I think you will find more experienced photographers will agree with me than will agree with you on this one.

I am not one that thinks you have to buy the greatest and most expensive to get great shots. I have tons of 3rd party and generic gadgets. However, I have purchased many tripods in my time, searching for that "Good" and "Cheap" tripod. I never found it. In the store or in the reviews they seem to be rock solid. And sometimes they are in the beginning, until the plastic and lightweight metal starts wearing.

Lastly, I understand that most of us have a strict budget. Thats why I suggest saving a little longer, until you can buy a better tripod. If you do, it will last you a lifetime. If you decide to go the cheap route, you will be replacing it in a short time. Been there, done that.


----------



## slow231 (Oct 7, 2012)

HughGuessWho said:


> orb9220 said:
> 
> 
> 
> ...


forgive my ignorance, but whats the difference between that tripod's arrangement vs the other ones shown previously in the thread?


----------



## HughGuessWho (Oct 7, 2012)

slow231 said:


> HughGuessWho said:
> 
> 
> > orb9220 said:
> ...



There is no difference.
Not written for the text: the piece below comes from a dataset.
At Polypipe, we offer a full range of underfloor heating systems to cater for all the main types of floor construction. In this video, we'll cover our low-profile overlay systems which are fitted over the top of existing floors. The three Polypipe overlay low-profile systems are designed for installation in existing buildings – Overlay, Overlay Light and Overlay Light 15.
It is the same post "quoted".


----------



## SCraig (Oct 7, 2012)

No offense to anyone who has posted, but I have to think that some of the posters touting the merits of inexpensive tripods (especially that flexible thing) have never used a good, high-quality tripod before because doing so would change their quality scale entirely.  I've used cheap tripods (I still have a couple) and I've used good tripods.  I can tell you for absolute fact that the difference in stability is immediately noticeable.  In windy or unstable conditions there is no comparison whatsoever.

I personally prefer Manfrotto.  Not because I feel that they are the best but rather because I feel that they are an excellent compromise between cost and quality.
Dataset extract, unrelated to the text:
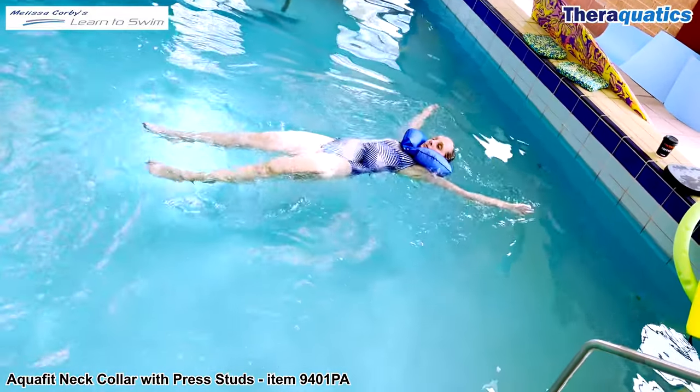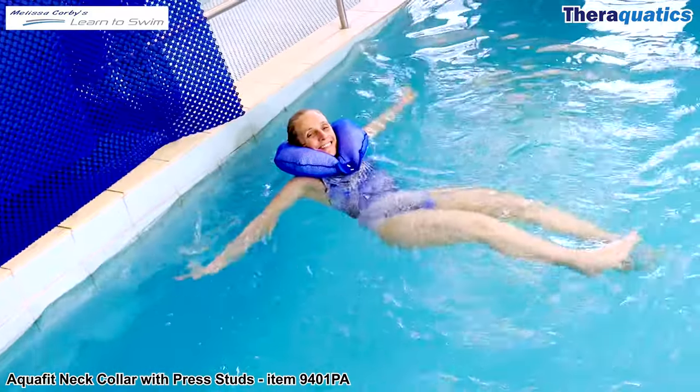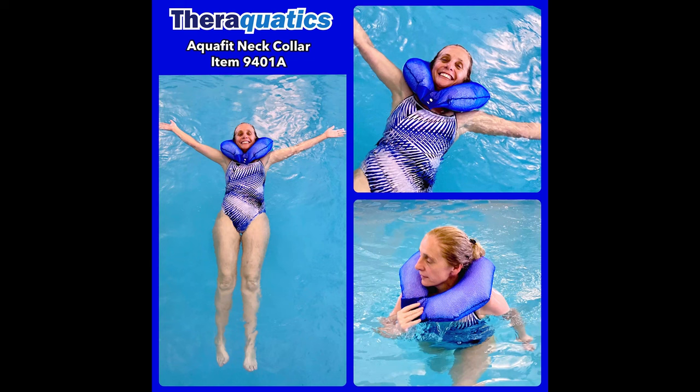Once you have developed your swimming skills and self-confidence in the water, you can progress to performing backsculling without any flotation device. Increase your sense of safety and security with the AquaFit Neck Collar.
Also keep in mind that just because a tripod has a reputable name on it doesn't automatically mean it is a good tripod.  I bought one by a reputable tripod manufacturer several years ago and it was the biggest piece of junk I've ever owned.


----------



## matthewo (Oct 7, 2012)

Smith victor bh8 ball head.,  knock off of the swiss made $500 arca ball head.  Cullmann 525 tripod legs

Smith victor bh8 ball head - $60
Cullman magnesit 525 legs - $108

 Dare you to find a better setup for under $200


Also I own the dolica and its decent for the price,  the ball head is actually not bad for a mini ball head,  but the legs are scary sometimes and if you extend the top section is useless as a tripod for any dslr with any decent lens.  I don't trust my f.2.8 glass on it.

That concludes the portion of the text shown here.